Truth v. Myth: Biden Order defines racism as racist! (and anti-racism as anti-racist)

Hello and welcome to part 2 of our series examining the Biden Administration’s January 20, 2021 Executive Order on Advancing Racial Equity and Support for Underserved Communities Through the Federal Government, which you can find here on the official White House site. We left off in part 1 looking at the end of Section 1 and its framing of equality of opportunity in positive economic terms.

“Sec. 2 Definitions” establishes the same for “equity” and “underserved communities”:

Sec. 2.  Definitions.  For purposes of this order:  (a)  The term “equity” means the consistent and systematic fair, just, and impartial treatment of all individuals, including individuals who belong to underserved communities that have been denied such treatment, such as Black, Latino, and Indigenous and Native American persons, Asian Americans and Pacific Islanders and other persons of color; members of religious minorities; lesbian, gay, bisexual, transgender, and queer (LGBTQ+) persons; persons with disabilities; persons who live in rural areas; and persons otherwise adversely affected by persistent poverty or inequality.

(b)  The term “underserved communities” refers to populations sharing a particular characteristic, as well as geographic communities, that have been systematically denied a full opportunity to participate in aspects of economic, social, and civic life, as exemplified by the list in the preceding definition of “equity.”

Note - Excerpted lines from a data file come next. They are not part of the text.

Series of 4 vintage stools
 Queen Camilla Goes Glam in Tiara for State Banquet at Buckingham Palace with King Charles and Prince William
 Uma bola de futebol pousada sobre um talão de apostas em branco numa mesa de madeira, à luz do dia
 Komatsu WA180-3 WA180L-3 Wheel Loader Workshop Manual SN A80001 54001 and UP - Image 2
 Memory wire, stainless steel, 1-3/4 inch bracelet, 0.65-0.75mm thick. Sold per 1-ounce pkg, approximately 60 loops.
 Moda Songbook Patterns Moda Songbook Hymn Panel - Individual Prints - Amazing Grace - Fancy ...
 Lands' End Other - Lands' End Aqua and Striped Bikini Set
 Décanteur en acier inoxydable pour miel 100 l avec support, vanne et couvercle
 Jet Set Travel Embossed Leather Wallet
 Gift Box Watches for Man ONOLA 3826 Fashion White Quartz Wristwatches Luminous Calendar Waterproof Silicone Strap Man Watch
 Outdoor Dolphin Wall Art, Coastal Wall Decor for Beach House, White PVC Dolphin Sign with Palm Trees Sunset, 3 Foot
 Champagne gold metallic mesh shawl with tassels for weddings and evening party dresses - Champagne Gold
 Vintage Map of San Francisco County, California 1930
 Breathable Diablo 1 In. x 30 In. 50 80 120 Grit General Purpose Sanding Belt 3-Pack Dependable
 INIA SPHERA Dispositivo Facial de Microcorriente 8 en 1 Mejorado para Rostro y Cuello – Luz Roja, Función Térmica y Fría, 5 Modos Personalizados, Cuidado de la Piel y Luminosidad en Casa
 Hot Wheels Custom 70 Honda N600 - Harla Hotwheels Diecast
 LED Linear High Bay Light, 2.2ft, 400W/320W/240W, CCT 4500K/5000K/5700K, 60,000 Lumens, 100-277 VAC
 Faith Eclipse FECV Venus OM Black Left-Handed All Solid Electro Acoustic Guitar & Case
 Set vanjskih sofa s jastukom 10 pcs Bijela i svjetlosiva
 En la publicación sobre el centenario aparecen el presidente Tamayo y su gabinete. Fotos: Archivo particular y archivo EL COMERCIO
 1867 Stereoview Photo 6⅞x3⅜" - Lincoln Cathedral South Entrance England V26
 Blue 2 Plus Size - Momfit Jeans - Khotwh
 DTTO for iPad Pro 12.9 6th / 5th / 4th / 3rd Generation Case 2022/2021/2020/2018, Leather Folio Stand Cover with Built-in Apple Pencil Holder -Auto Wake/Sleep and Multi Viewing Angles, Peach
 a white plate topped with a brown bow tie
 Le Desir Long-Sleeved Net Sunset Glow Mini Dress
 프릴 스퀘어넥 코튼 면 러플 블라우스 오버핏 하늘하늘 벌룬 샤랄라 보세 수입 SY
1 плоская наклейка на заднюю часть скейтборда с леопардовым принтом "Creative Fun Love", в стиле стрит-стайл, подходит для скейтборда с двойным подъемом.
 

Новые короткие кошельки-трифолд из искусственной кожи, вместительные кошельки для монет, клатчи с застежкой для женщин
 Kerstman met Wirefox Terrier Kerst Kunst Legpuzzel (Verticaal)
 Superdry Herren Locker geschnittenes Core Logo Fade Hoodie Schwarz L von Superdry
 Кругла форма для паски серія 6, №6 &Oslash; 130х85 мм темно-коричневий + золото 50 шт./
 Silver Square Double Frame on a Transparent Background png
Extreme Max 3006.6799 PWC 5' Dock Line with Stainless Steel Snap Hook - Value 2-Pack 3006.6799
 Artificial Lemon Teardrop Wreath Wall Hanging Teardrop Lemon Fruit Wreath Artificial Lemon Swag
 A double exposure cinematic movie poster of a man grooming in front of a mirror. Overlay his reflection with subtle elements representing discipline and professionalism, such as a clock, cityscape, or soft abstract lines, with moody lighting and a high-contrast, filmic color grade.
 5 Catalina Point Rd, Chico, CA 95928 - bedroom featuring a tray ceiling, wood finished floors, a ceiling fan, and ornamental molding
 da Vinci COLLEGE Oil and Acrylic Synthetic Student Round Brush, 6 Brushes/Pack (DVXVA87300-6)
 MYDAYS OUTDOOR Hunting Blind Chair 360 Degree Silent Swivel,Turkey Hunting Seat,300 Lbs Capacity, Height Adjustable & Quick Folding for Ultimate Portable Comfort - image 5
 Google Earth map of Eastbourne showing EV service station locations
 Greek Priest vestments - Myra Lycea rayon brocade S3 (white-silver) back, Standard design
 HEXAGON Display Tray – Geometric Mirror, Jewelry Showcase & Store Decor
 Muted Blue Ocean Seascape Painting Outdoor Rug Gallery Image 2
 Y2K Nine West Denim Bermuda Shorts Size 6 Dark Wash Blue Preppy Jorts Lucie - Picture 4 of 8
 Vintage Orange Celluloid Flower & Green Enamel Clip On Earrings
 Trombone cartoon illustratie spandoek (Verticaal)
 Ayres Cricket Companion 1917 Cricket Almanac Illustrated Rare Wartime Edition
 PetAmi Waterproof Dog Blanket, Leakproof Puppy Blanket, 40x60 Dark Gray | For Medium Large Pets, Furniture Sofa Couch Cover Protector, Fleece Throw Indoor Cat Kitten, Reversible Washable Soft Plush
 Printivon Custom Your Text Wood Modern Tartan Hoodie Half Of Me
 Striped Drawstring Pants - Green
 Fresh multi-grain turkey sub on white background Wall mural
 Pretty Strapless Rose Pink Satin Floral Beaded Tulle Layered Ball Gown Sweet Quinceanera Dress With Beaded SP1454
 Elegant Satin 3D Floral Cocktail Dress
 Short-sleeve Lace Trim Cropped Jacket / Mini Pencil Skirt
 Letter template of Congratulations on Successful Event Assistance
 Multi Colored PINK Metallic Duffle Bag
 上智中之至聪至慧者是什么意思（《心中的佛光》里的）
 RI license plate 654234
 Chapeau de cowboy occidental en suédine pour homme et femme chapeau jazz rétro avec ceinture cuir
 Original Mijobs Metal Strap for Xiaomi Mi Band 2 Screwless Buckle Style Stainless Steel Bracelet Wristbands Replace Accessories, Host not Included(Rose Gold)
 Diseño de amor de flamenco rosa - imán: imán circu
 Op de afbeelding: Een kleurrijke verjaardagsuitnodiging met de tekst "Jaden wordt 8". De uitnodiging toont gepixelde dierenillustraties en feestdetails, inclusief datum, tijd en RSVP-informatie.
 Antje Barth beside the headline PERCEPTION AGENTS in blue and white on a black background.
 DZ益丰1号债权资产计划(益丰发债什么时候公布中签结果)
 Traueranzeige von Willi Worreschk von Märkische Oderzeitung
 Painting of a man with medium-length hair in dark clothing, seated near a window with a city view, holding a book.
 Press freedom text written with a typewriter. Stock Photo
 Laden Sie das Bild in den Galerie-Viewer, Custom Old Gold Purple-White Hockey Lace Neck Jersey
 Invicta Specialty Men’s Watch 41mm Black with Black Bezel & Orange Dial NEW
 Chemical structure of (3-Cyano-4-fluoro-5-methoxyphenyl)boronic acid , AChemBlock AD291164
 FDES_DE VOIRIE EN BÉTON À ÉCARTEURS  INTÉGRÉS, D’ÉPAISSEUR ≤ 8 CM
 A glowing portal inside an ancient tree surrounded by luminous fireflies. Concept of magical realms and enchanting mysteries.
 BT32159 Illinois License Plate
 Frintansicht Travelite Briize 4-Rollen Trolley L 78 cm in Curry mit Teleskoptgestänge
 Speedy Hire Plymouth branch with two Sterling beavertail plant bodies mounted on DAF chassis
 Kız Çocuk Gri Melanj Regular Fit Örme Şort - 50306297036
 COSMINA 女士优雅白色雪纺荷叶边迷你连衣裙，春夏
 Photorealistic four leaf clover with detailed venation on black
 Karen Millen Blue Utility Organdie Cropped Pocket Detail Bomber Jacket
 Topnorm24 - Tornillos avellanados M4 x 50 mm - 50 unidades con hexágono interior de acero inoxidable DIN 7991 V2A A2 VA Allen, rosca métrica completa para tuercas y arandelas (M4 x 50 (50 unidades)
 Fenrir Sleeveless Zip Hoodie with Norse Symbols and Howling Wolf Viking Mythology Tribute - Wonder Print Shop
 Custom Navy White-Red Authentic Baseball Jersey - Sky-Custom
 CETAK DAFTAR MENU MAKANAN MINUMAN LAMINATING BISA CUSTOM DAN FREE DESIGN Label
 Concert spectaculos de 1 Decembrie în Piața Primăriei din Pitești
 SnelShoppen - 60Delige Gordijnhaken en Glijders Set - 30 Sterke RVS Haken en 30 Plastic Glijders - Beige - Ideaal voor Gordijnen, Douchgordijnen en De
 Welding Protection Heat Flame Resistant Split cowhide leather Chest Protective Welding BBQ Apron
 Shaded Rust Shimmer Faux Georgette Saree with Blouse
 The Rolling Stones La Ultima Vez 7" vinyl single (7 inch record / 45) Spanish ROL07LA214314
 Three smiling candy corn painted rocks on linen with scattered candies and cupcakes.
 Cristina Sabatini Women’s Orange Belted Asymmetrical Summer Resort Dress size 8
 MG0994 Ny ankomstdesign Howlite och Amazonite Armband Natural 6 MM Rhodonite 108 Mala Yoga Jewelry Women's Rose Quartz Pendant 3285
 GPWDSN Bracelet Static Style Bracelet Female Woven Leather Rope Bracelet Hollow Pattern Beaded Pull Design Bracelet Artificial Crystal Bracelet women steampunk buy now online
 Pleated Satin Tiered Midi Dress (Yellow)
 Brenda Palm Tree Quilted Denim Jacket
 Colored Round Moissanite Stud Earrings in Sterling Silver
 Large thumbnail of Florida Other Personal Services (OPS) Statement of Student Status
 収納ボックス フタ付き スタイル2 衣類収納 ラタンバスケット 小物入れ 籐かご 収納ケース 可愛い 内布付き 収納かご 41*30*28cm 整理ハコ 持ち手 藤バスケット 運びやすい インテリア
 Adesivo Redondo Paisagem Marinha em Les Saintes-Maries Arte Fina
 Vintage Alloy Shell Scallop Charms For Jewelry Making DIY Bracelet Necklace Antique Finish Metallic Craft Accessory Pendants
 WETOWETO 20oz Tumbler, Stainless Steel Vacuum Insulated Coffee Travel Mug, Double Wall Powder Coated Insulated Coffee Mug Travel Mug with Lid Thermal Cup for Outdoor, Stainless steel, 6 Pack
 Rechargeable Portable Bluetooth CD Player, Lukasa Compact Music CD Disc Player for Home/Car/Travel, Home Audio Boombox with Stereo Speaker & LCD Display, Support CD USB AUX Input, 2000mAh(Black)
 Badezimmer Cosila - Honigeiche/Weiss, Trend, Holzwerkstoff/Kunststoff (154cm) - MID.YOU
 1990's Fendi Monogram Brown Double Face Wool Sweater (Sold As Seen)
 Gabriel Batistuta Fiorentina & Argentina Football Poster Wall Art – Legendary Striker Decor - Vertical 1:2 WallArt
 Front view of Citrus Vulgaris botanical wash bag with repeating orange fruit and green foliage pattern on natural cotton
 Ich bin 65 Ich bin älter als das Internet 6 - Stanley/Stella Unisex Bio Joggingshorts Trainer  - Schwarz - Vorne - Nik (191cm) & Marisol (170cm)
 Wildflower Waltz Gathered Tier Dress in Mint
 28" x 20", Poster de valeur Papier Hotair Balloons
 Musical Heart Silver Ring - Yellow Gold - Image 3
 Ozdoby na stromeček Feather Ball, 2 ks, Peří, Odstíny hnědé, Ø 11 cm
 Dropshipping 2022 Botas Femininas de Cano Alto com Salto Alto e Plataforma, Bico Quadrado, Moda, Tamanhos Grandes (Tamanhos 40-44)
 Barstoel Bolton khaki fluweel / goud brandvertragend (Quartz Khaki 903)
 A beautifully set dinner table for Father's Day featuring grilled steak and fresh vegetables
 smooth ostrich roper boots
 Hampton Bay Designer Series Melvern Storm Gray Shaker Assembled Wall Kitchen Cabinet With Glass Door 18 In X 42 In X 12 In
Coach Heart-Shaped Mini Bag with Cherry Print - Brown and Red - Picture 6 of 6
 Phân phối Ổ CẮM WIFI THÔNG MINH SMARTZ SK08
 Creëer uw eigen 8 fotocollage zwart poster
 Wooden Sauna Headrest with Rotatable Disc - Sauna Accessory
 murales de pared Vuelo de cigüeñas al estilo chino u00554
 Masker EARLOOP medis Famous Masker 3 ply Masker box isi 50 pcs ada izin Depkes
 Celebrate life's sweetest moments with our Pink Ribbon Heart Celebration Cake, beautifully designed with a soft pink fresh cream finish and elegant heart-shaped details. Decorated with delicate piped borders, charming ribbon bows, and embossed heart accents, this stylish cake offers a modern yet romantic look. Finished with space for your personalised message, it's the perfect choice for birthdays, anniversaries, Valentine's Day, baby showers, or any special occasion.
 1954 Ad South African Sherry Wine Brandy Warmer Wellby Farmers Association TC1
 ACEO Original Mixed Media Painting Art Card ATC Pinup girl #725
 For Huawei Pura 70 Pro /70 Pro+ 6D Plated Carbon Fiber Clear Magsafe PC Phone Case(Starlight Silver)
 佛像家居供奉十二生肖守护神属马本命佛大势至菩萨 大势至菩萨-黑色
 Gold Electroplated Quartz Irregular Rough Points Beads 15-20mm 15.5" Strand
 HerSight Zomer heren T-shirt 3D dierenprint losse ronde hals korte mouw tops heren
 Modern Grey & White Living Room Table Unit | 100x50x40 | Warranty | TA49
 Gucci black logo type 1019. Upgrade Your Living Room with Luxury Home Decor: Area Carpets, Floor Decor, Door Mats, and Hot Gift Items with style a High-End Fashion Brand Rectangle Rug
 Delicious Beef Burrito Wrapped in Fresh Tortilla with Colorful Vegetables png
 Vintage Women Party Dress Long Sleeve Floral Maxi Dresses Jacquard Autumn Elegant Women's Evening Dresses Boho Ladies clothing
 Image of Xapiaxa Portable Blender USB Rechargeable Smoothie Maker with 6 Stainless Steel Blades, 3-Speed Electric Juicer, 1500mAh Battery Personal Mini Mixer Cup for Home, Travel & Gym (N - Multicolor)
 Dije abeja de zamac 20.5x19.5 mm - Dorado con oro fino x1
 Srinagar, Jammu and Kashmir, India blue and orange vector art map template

We know that this Order is specifically addressing racial inequity, so we will not complain that being female is omitted here from categories of Americans who have been denied equality of opportunity. It’s good to have an Order specifically focused on race. But we do expect the Administration can do two things at once and also address sexual discrimination and sexism in America as well, and as soon as possible.

The main difference here between the Biden Order and the Trump Order is that the Trump version had 9 separate definitions of the term “divisive concepts”, all of which stated that anti-racism and anti-sexism training were, in themselves, divisive concepts based on lies and, of course, anti-white racism. So we’re on better footing already here with the Biden Order, as it is short and common-sensical and acknowledges reality.

Sec. 3 Role of the Domestic Policy Council states that this DPC will “coordinate efforts to embed equity principles, policies, and approaches across the Federal government. This will include efforts to remove systemic barriers to and provide equal access to opportunities and benefits, identify communities the Federal Government has underserved, and develop policies designed to advance equity for those communities.” Again, a 180 from the Trump Order which focused on prosecuting government departments that continued diversity training that attempted to address “divisive concepts.”

Sec. 4.  Identifying Methods to Assess Equity says that the Director of the Office of Management and Budget (OMB) will work with federal agencies to “[assess] whether agency policies and actions create or exacerbate barriers to full and equal participation by all eligible individuals. The study should aim to identify the best methods, consistent with applicable law, to assist agencies in assessing equity with respect to race, ethnicity, religion, income, geography, gender identity, sexual orientation, and disability. … Within 6 months of the date of this order, the Director of OMB shall deliver a report to the President describing the best practices identified by the study and, as appropriate, recommending approaches to expand use of those methods across the Federal Government.”

So far so good; we can say that by 2021 it’s a little late to say you’ll begin to assess “whether” there are barriers to equity and then “recommend approaches” to dismantling them… but if this really happens by August, we’ll be happy to wait one last time.